California’s 5 most wondrous forests, according to field atlas” author Obi Kaufmann”

The Oakland painter and poet Obi Kaufmann calls to mind a tatted-up, modern day John Muir, only with half of the beard and serious watercolor skills. Like the 19-century Scotsman, Kaufmann has become recognized for his explorations of California’s natural world in so-called “field atlases” that blend graceful prose with paintings of maps and wildlife.

His first book, “The California Field Atlas,” published in 2017, surprised even Kaufmann with its commercial success, winning book awards and selling so many printings that publisher Heyday Books commissioned four more field atlases. One about water came out last year.

After the publication of his latest volume, “The Forests of California,” in September, the California Sun posed an unreasonable challenge to Kaufmann. In a state covered by 33 million acres of forestland, give us your top five destinations. Below, in his own words, are his choices.

An illustration from “The Forests of California.”

Obi Kaufmann

5. The coastal redwood forest — from just south of Big Sur, north to just across the border of Oregon, the kingdom of Sequoia sempervirens, the tallest tree species in the world extends in a mosaic of old-growth and second-growth forest, providing habitat for a precious array of endemic biodiversity that can only exist among these big trees.

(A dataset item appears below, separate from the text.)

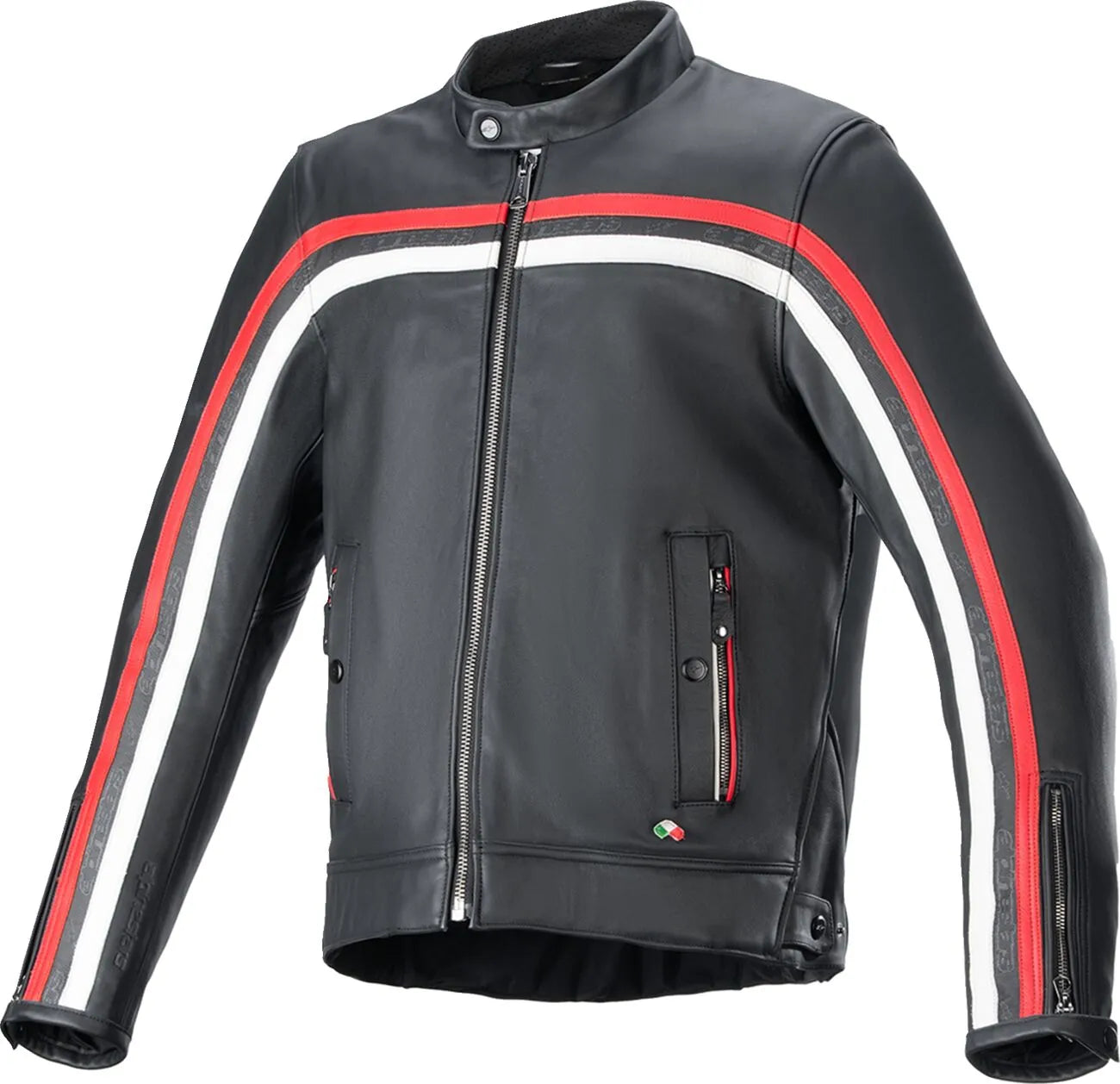 Alpinestars Dyno Leather Jacket - Black/Off-White/Red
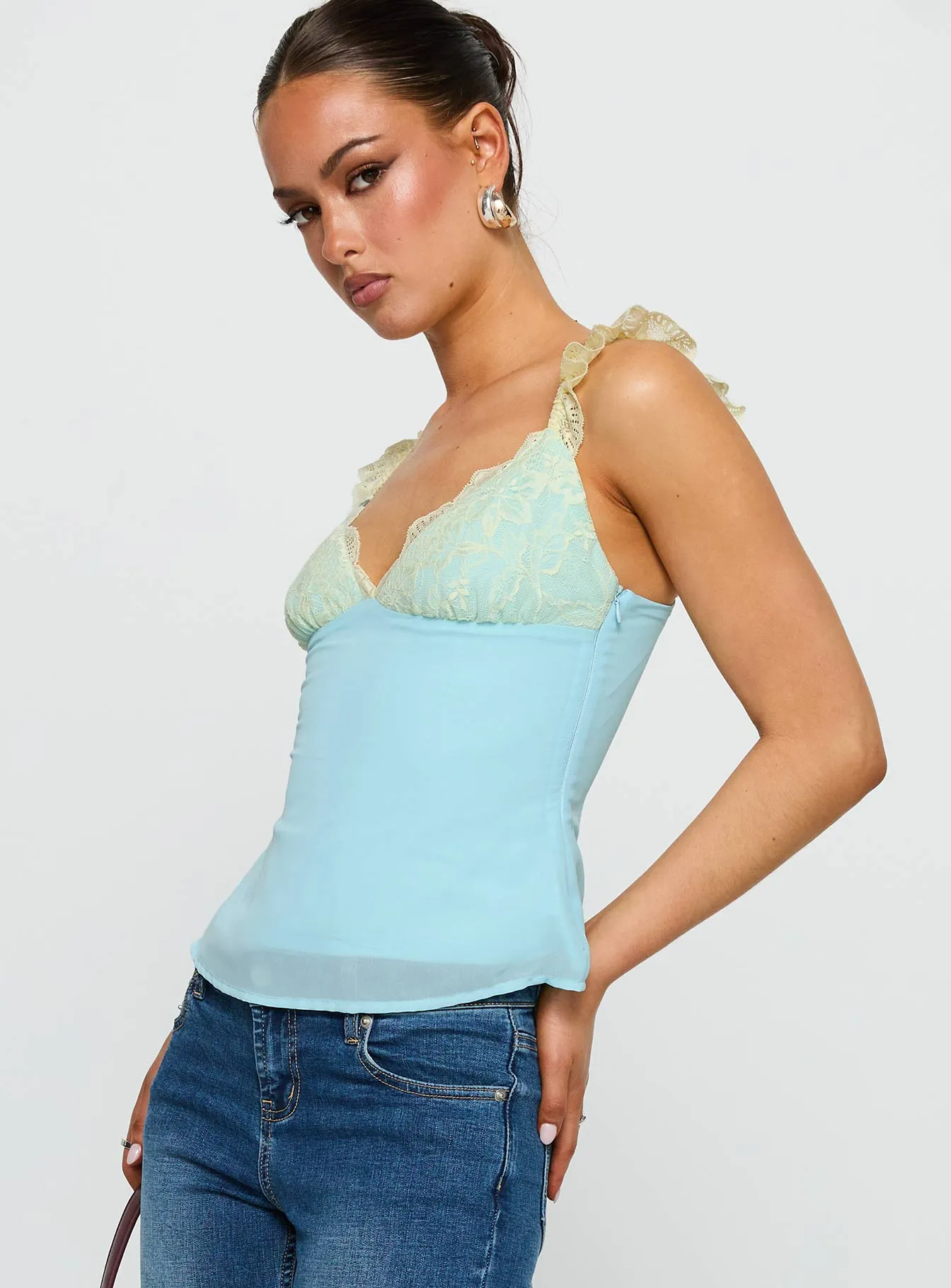 Delvonte Top Blue / Yellow sold by Princess Polly product image thumbnail 3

Only 5% of the old-growth forest still exists, and it is in these ancient spaces that the most endangered species live. These trees still survive. It is very hard to kill a redwood, but once you chop it down, its regrown form finds itself in a broken system that has largely forgotten its old-growth functionality. The only way to really kill a redwood is to heat up the atmosphere and remove the now endangered phenomenon of coastal fog that supplies the nutrient moisture this majestic forest needs.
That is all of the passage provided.